Created attachment 300895 [details] attachment-31105-0.html Take it to the list. As far as I can tell, this report isn't real, and I am pretty unhappy with how you're handling this. On Fri, May 6, 2022, 5:55 AM <bugzilla-daemon@kernel.org> wrote: > https://bugzilla.kernel.org/show_bug.cgi?id=215679 > > --- Comment #8 from The Linux kernel's regression tracker (Thorsten > Leemhuis) (regressions@leemhuis.info) --- > Imre, I pretty unhappy how the maintainers handle this report. Sorry, > things > shouldn't take this long for a bisected regression. But before escalating > the > problem further, could you please confirm that the regression is still > present > in latest mainline, aka 5.18-rc5 or later? > > -- > You may reply to this email to add a comment. > > You are receiving this mail because: > You are on the CC list for the bug. > You are watching the assignee of the bug.
(In reply to keith.busch from comment #9) > Take it to the list. Sorry, now I'm confused. Take if *off* the list or tracked regression reports? Or take it to the mailing list for discussion? But the latter would make sense if this is true: > As far as I can tell, this report isn't real, So I assume it's the former. A quick explanation on why you think this report isn't real (just a few words) would have been good (or is this somewhere mentioned in this bug report? sorry, then I missed it and can't see it now), but FWIW, if Imre wouldn't have replied I'd like have dropped the ball myself. > and I am pretty unhappy with how you're handling this. Why? From my point it looks a lot like this is a regression that is not handled appropriately. If there is a reason why this report is bogus then sorry, I just missed it.

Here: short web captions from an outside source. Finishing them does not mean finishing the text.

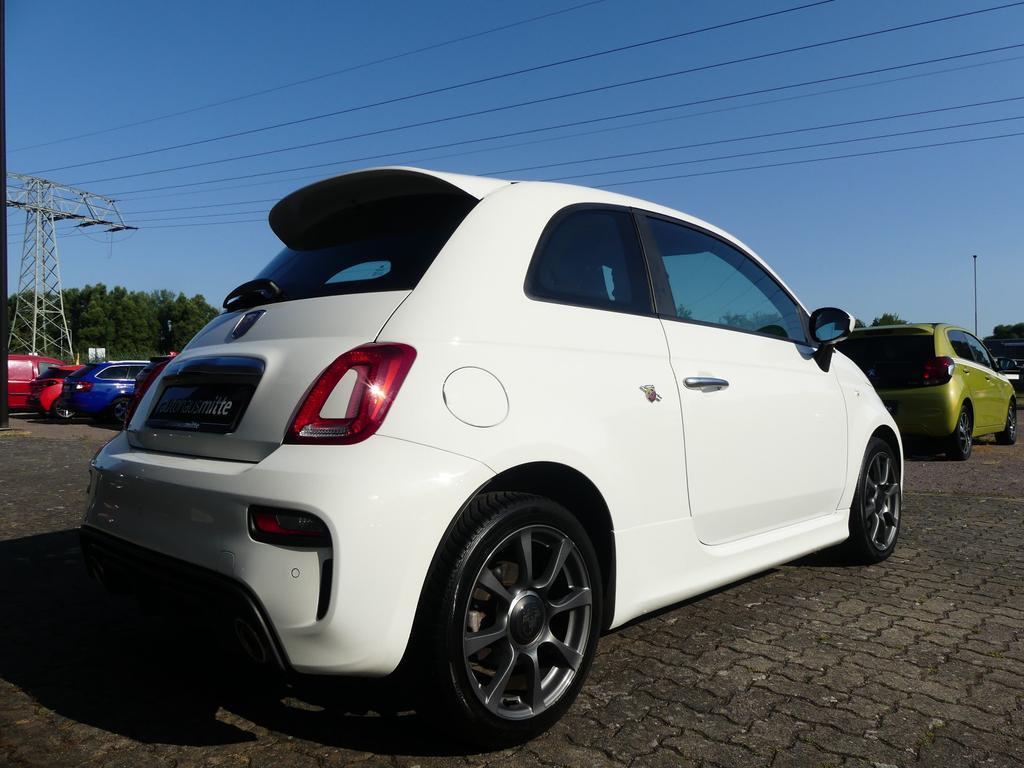 Abarth 500
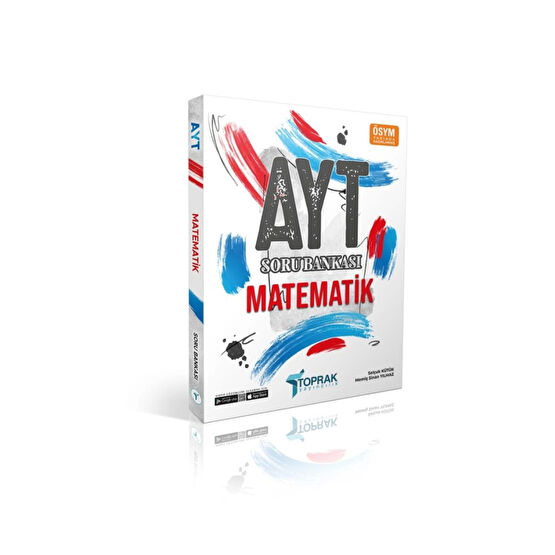 Toprak Yayınları Matematik Soru Bankası Ayt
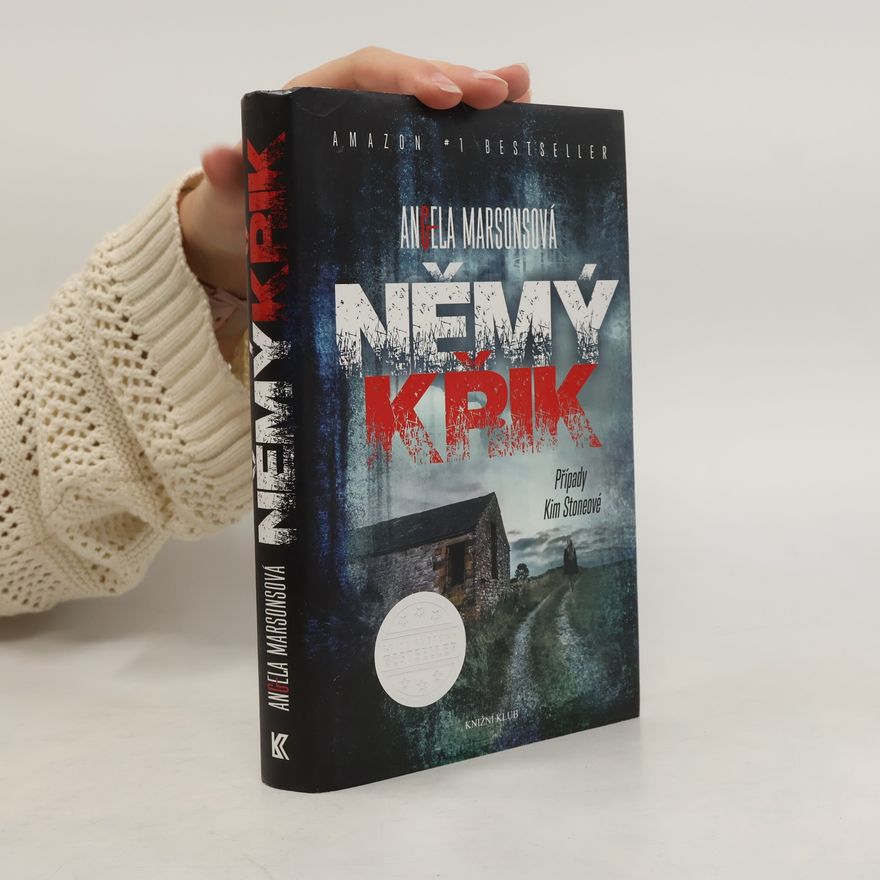 Angela Marsons Němý křik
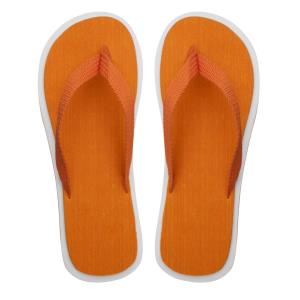 Plážové žabky Cayman, oranžová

(In reply to The Linux kernel's regression tracker (Thorsten Leemhuis) from comment #10) > (In reply to keith.busch from comment #9) > > > Take it to the list. > > Sorry, now I'm confused. Take if *off* the list or tracked regression > reports? Or take it to the mailing list for discussion? But the latter would > make sense if this is true: The linux-nvme mailing list. bugzilla might be okay as a starting point, but the list is the appropriate place for nvme discussion. > > As far as I can tell, this report isn't real, > > So I assume it's the former. A quick explanation on why you think this > report isn't real (just a few words) would have been good (or is this > somewhere mentioned in this bug report? sorry, then I missed it and can't > see it now), but FWIW, if Imre wouldn't have replied I'd like have dropped > the ball myself. Because no one reported it to the official mailing list. But truthfully, I apologize for coming off as impatient in my previous message.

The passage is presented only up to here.